Would you give back exactly the lines from the line with "void (slowed) - isq [edit audio]" through the end of the entries below, both included, but none of the pictures?

***

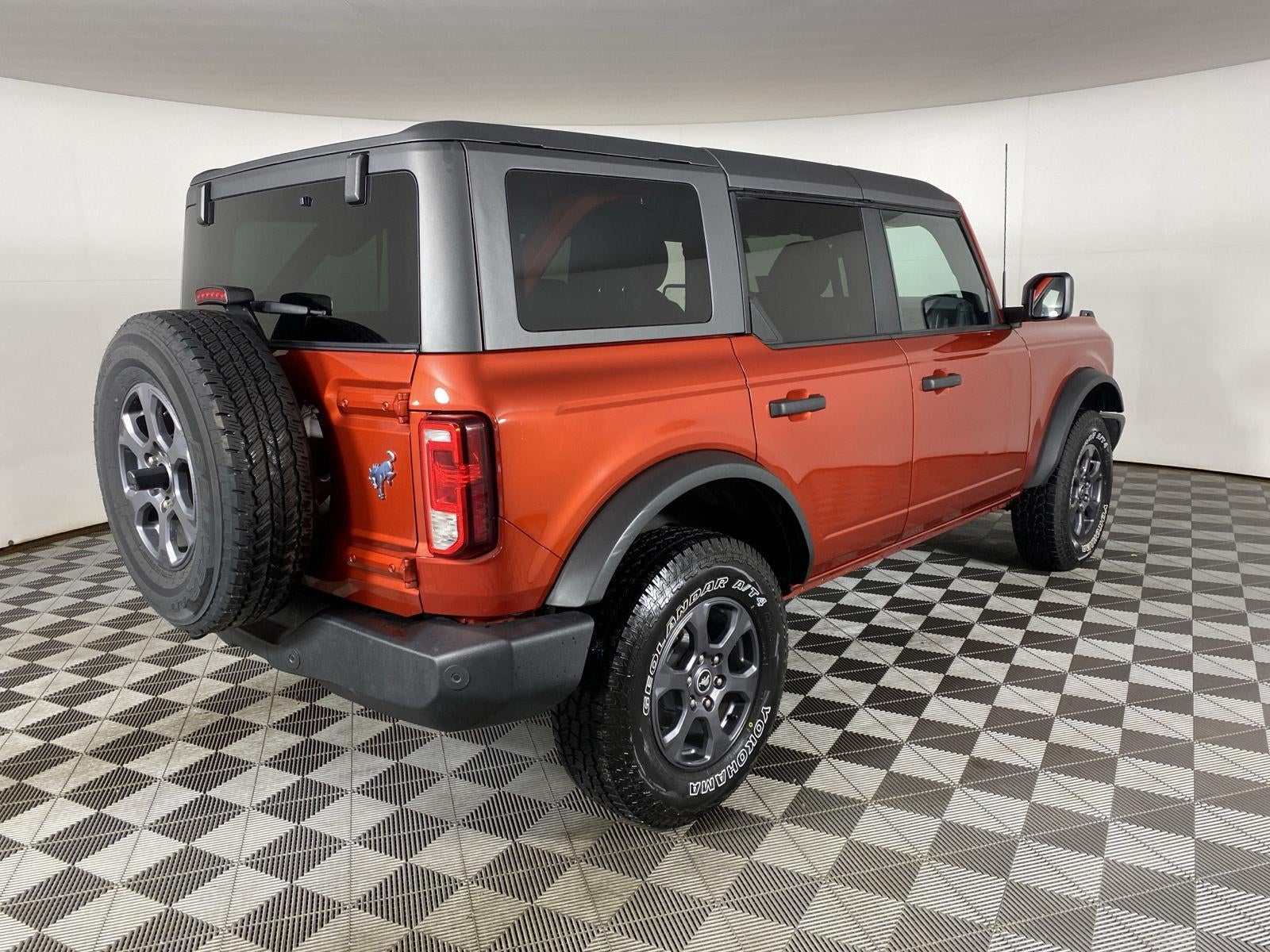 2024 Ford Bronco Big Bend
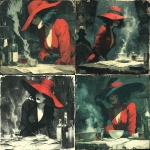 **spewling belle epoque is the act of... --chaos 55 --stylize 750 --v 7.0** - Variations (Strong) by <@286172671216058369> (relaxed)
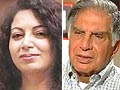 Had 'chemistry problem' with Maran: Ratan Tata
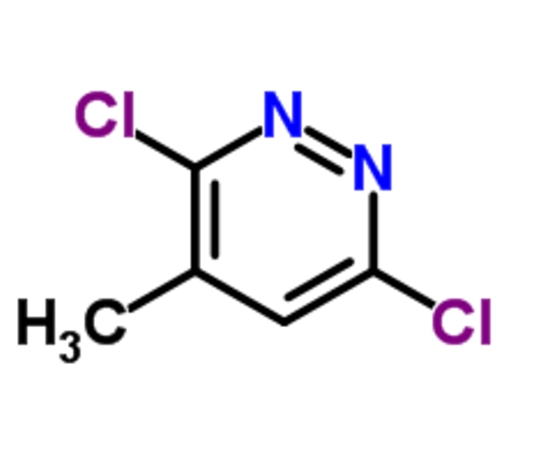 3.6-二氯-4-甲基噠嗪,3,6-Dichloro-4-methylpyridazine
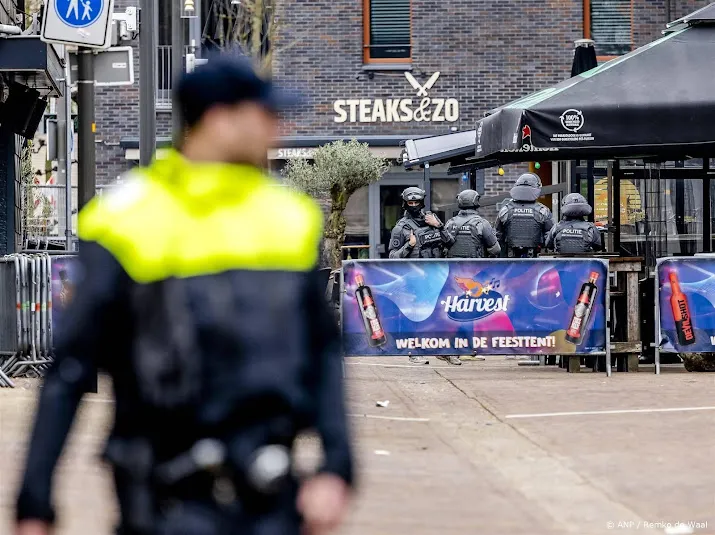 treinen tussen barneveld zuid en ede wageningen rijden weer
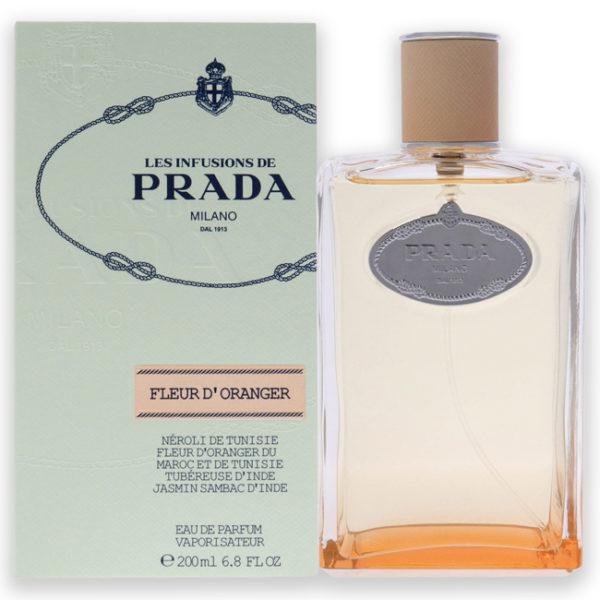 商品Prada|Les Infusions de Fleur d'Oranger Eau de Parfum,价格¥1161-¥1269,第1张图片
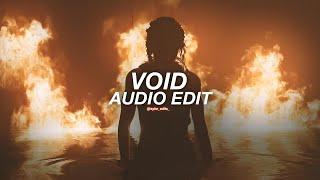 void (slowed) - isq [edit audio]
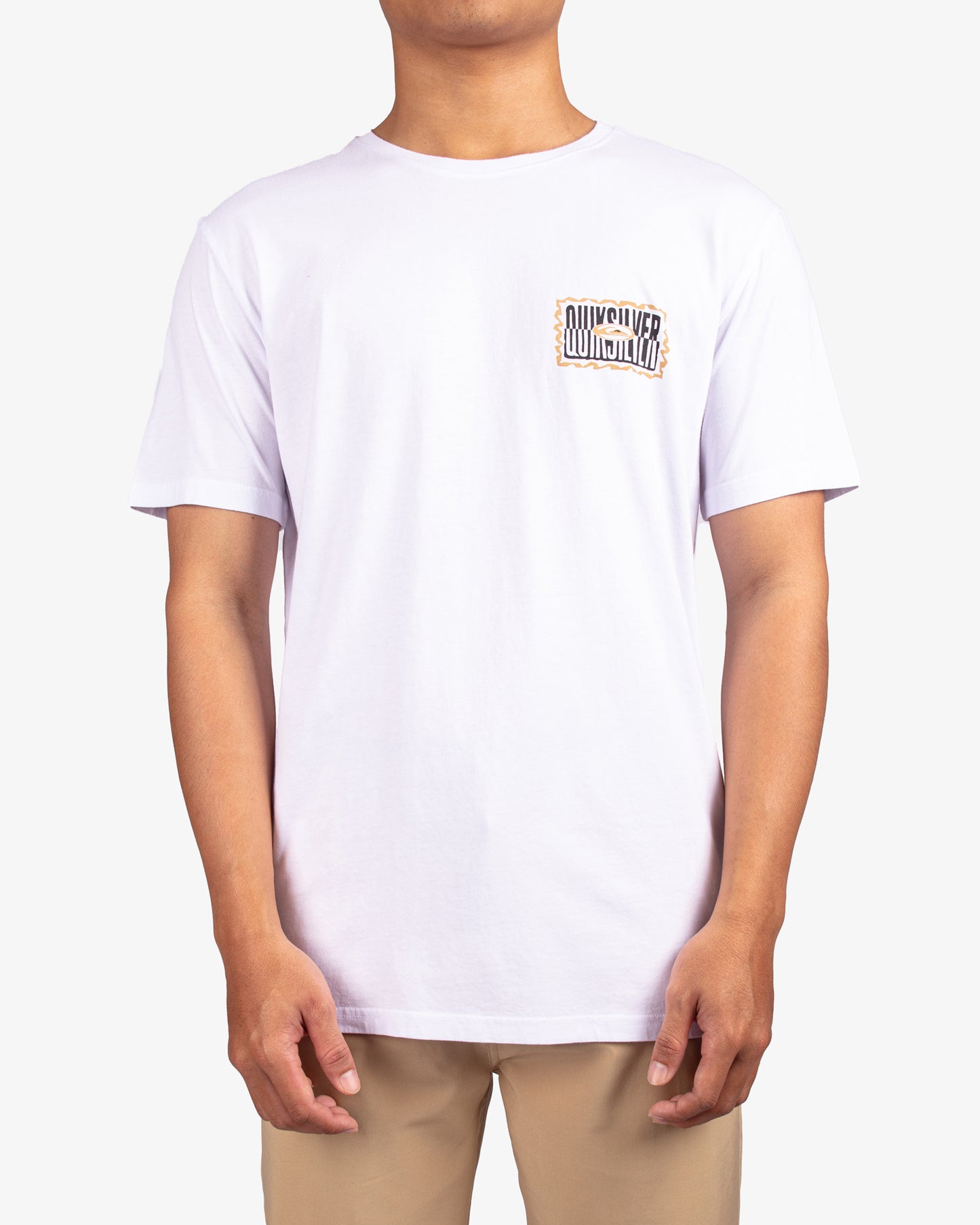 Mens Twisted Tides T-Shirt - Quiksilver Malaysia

***

- Task result
 void (slowed) - isq [edit audio]
 Mens Twisted Tides T-Shirt - Quiksilver Malaysia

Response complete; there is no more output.